Soylent Says This Novel Ingredient Caused All Those “Gastrointestinal Issues”

Yum.

If, by "the future of food," you mean, beige goo. Screenshot


Soylent.com Homepage Video from Soylent on Vimeo.

Soylent is Silicon Valley’s bluntest and blandest attempt to “disrupt the food industry.”  The company’s flagship beige goo (to use New Yorker writer Lizzie Widdicombe’s apt phrase) demonstrates that “food really is made of chemicals; it is reducible, we can build it back up; we can change it, and we can make it better,” Rob Rhinehart, the company’s founder, insists in the above video. But now Soylent has been forced to admit that cracking the mysteries of human nutrition might be trickier than Rhinehart knew when that video was released in 2014.

It all started in mid-October, when Soylent found itself disrupted by an age-old food industry scourge: a food safety scare. The company acknowledged that some of its customers had “experienced gastrointestinal issues after consuming Soylent Bars”—a delicate way to describe those complaints. To its credit, the meal-replacement upstart quickly recalled those bars. Two weeks later, it stopped sales of one of its just-add-water beverage mixes, Soylent 1.6, after revealing it caused “stomach-related symptoms that are consistent with what our Bar customers described” for a “handful of consumers (less than 0.1%).”
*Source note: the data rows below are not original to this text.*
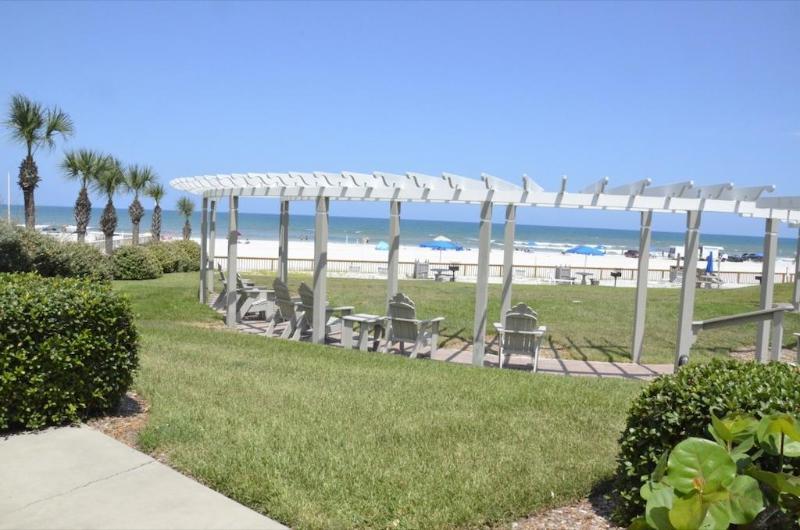 Hotel Coconut Palms 2*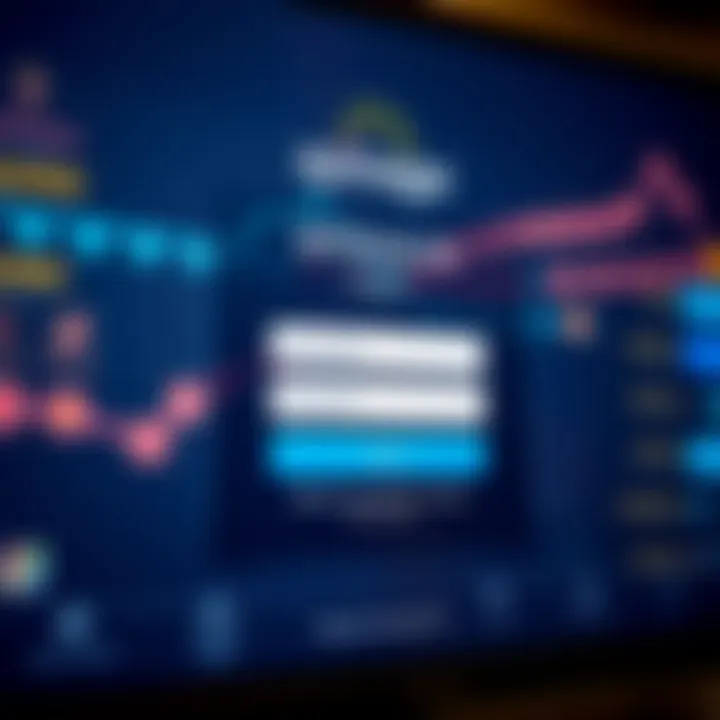 Secure login interface of Spinago platform showing username and password fields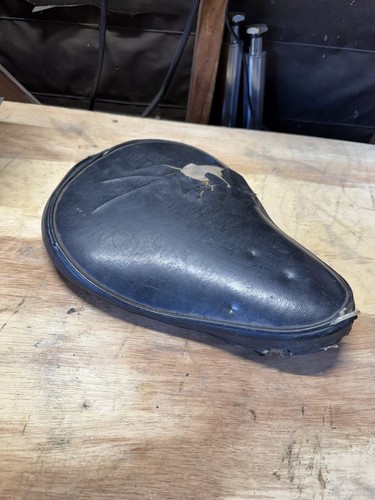 Bar enterprise solo seat - solo,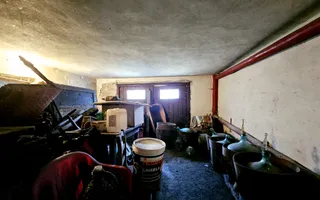Casa individuala | 200 mp | 763 mp teren | Toate utilitatile | Cetate - Poză 13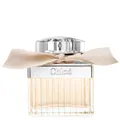Chloé Chloé Eau de Parfum 50 ml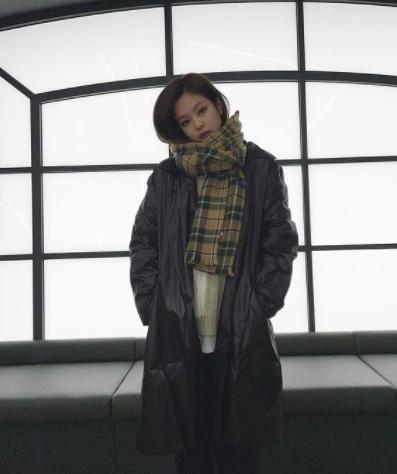스크린샷 2020-12-05 오후 5.15.32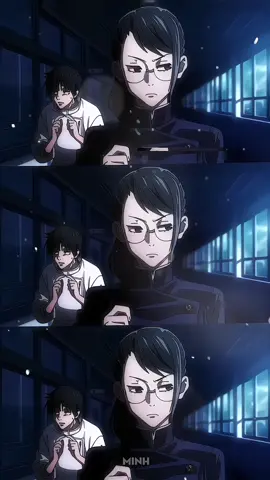 || idea : _nw.ig ||#wing_grpᥫ᭡ #jujutsukaisen #maki#xuhuong #qwep_grp 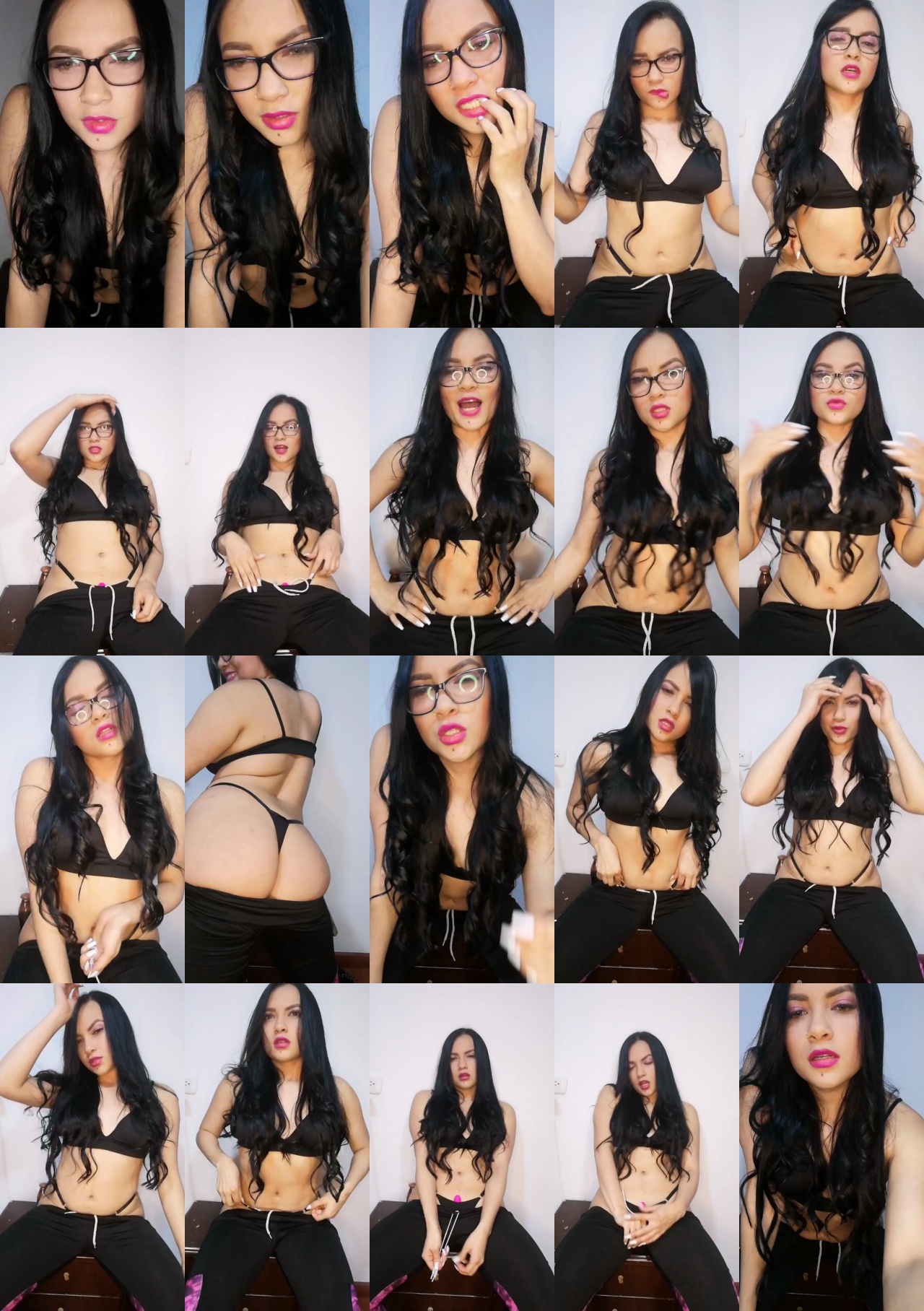 Preview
And now, Bloomberg reports, Soylent thinks it has found the culprit: a novel ingredient called algal flour, found both in the bars and the 1.6 powder. Soylent founder Rhinehart told Bloomberg that  the company would release reformulated versions of both products without algal flour early next year.

The announcement did not please Soylent’s supplier of the stuff, TerraVia. Here’s Bloomberg:

Mark Brooks, a senior vice president at TerraVia, said whole algal flour is safe and that Soylent products contain several known irritants, such as soy protein isolate and glycerin, that can cause symptoms similar to those reported by the startup’s customers. “Our algal flour has been used in more than 20 million servings of products, and we are aware of very few adverse reactions. In no cases was algal flour identified as the cause,” he wrote in an e-mail.

So here we have two tech companies squabbling and pointing fingers over which firm’s products caused people some rather unpleasant “gastrointestinal issues.”

The idea that food is just a bunch of chemicals that can be isolated, mashed together, and fed to people with desirable results is an extreme version of what the Australian scholar Georgy Scrinis has called “nutritionism.” In his book In Defense of Food, Michael Pollan argued forcefully that nutritionism is nonsense—that nutrients in food work synergistically, in ways we don’t fully understand, and that health-giving food is not, in fact, “reducible” to a set of compounds.

But who knows, maybe Rhinehart is right—maybe he’ll tweak the Soylent formula, get it right, and his users will thrive. In the meantime, I’m still marveling that as recently as March this year, TerraVia was known as Solazyme, a firm focused for the previous decade on “paving a path to make biofuels from algae oil,” reports Fortune. The company has “finally given up on its biofuel ambitions in a world of ultra cheap petroleum-based oil,” Fortune adds. Solazyme abandoned car fuel for people fuel, changing its name to signal the transformation. Now, TerraVia declares, its “algae-based platform is poised to transform our food system by bringing together better nutrition and great taste.” What could possibly go wrong?